I didn't see any other posts with this issue that I can find. I'm using an ASRock B450 Pro4 motherboard and a 250 GB Crucial P2 NVMe m.2 SSD. It's a brand new device that I just built and I'm completely new to the FreeBSD arch.
 

Samuel Tai

Never underestimate your own stupidity
Moderator
Joined
Apr 24, 2020
Messages
5,399
What does smartctl -a /dev/nvme0 show?
 

lotustechie

Dabbler
Joined
Jun 3, 2020
Messages
27
0°C

Maybe the board/controller doesn't support SMART or it needs to be enabled in the BIOS?
=== START OF INFORMATION SECTION ===
Model Number: CT250P2SSD8
Serial Number: 2012E296505C
Firmware Version: P2CR010
PCI Vendor/Subsystem ID: 0xc0a9
IEEE OUI Identifier: 0x6479a7
Total NVM Capacity: 250,059,350,016 [250 GB]
Unallocated NVM Capacity: 0
Controller ID: 1
Number of Namespaces: 1
Namespace 1 Size/Capacity: 250,059,350,016 [250 GB]
Namespace 1 Formatted LBA Size: 512
Namespace 1 IEEE EUI-64: 6479a7 fff0001969
Local Time is: Fri Jun 5 00:12:20 2020 EDT
Firmware Updates (0x12): 1 Slot, no Reset required
Optional Admin Commands (0x001f): Security Format Frmw_DL NS_Mngmt Self_Test
Optional NVM Commands (0x005e): Wr_Unc DS_Mngmt Wr_Zero Sav/Sel_Feat Timestmp
Maximum Data Transfer Size: 64 Pages
Warning Comp. Temp. Threshold: 70 Celsius
Critical Comp. Temp. Threshold: 85 Celsius

Supported Power States
St Op Max Active Idle RL RT WL WT Ent_Lat Ex_Lat
0 + 4.50W - - 0 0 0 0 0 0
1 + 2.70W - - 1 1 1 1 0 0
2 + 2.16W - - 2 2 2 2 0 0
3 - 0.0700W - - 3 3 3 3 1000 1000
4 - 0.0020W - - 4 4 4 4 5000 55000

Supported LBA Sizes (NSID 0x1)
Id Fmt Data Metadt Rel_Perf
0 + 512 0 1
1 - 4096 0 0

=== START OF SMART DATA SECTION ===
SMART overall-health self-assessment test result: FAILED!
- temperature is above or below threshold

SMART/Health Information (NVMe Log 0x02)
Critical Warning: 0x02
Temperature: 0 Celsius
Available Spare: 100%
Available Spare Threshold: 5%
Percentage Used: 0%
Data Units Read: 492,617 [252 GB]
Data Units Written: 12,137 [6.21 GB]
Host Read Commands: 1,094,694
Host Write Commands: 134,455
Controller Busy Time: 27
Power Cycles: 11
 

Samuel Tai

Never underestimate your own stupidity
Moderator
Joined
Apr 24, 2020
Messages
5,399
No, you’re getting results from smartctl. This particular NVMe doesn’t appear to have a working temperature sensor.
 

BenMoores

Cadet
Joined
Nov 21, 2020
Messages
4
I can also confirm these crucial P2 NVME SSDs don't appear to report temperature correctly, but I've done a little more digging.

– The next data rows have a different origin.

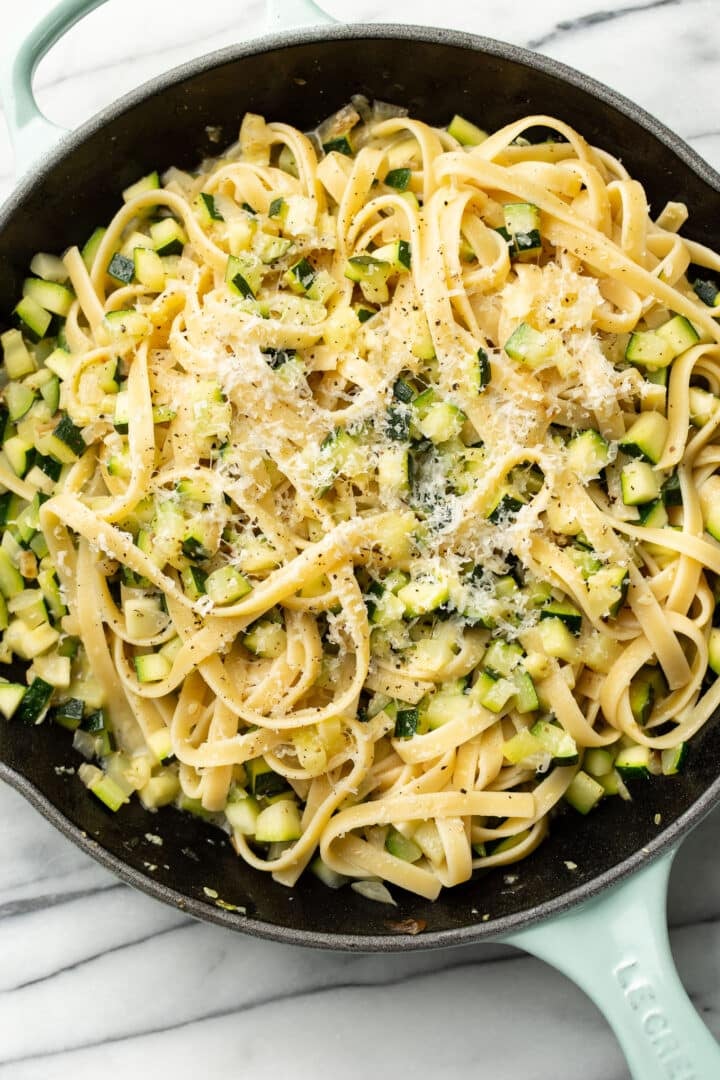 fettuccine in a skillet with fresh zucchini pasta sauce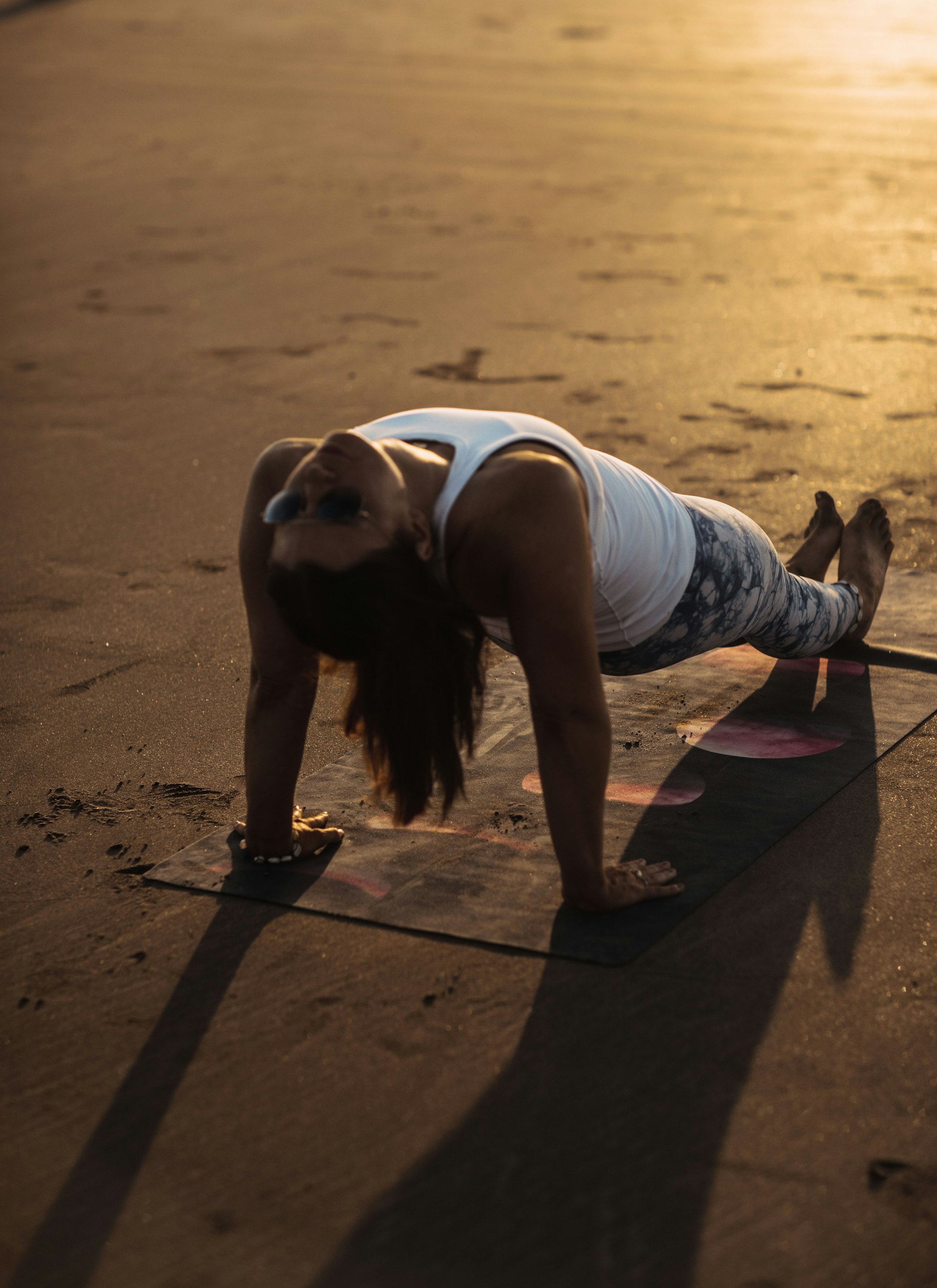 Plank hold training session outdoors in warm evening light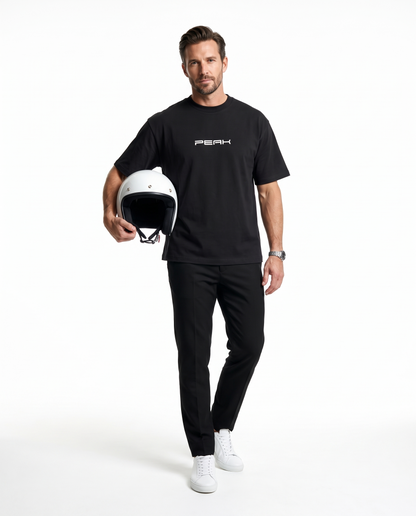 PEAK Heavy Tee in Black, worn with a white racing helmet in hand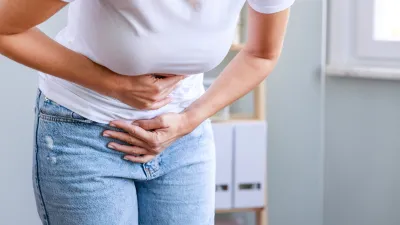 Young-Woman-Experiencing-Bloating-Stock-Photo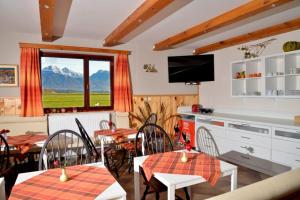 a dining room with a table and chairs and a window at Bed and Breakfast Valjavec in Kranj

I've got two CT250P2SSD8 with firmware P2CR010. Both consistently report temperatures around 0-3 degrees celsius in truenas. In windows using the 'crucial storage executive tool' I get temperatures reporting around 30 celsius.

It may just be coincidence, but from the output from nvmecontrol it looks like the drives are reporting temperature as tenths of a degree celsius, e.g. a value of 123 -> 12.3 celsius.

E.g.
nvmecontrol logpage -p 2 -x nvme0 | grep "000:"
000: 64011900 00000005 00000000 00000000 00000000 00000000 00000000 00000000

logpage 2 is the smart data, and the raw 'composite temperature' bytes are 1 and 2. In the above case 0x119 = 281.

Subsequent readings give values like 0x114 0x115 0x116 0x12a. Corresponding to values 276 to 298, and if my guess is correct, this would be 27.6 to 29.8 celsius.

It may just be coincidence that the numbers line up with my room temperature, but given that the windows tool does report correct values, there must be a method of getting the real temperature.

There doesn't appear to be any method of applying vendor specific corrections to nvme data reported by smartmontools.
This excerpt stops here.